Exercise » Below is a listing. Set down exactly the lines from the one containing "White Land Rover" through the one containing "A large red", both ends included, and leave out the rest.

Records for this task »
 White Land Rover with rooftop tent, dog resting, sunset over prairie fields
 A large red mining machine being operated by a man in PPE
* * *
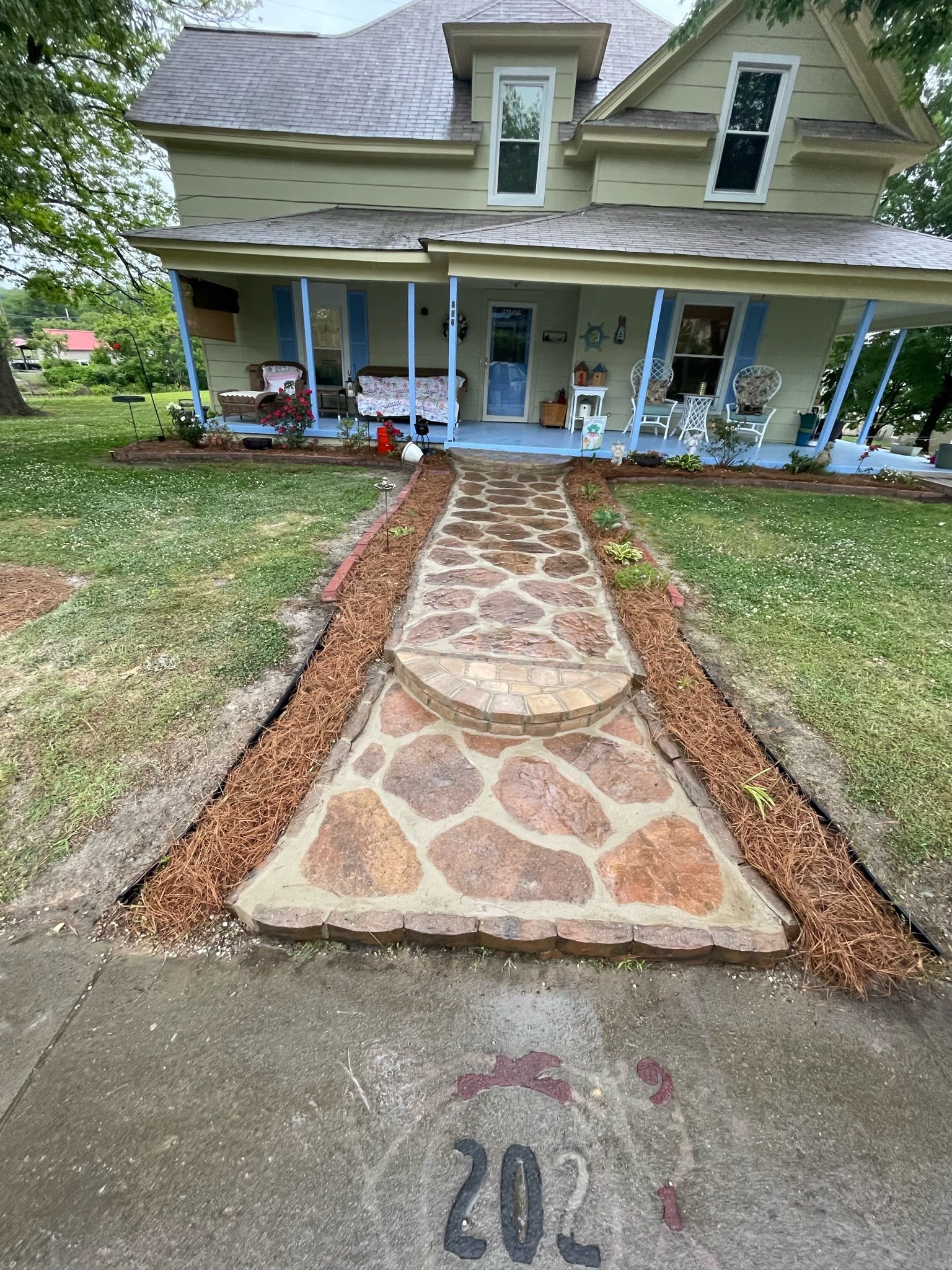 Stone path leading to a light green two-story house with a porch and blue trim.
==
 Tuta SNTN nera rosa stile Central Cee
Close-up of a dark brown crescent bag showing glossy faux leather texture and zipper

Response area »
 White Land Rover with rooftop tent, dog resting, sunset over prairie fields
 A large red mining machine being operated by a man in PPE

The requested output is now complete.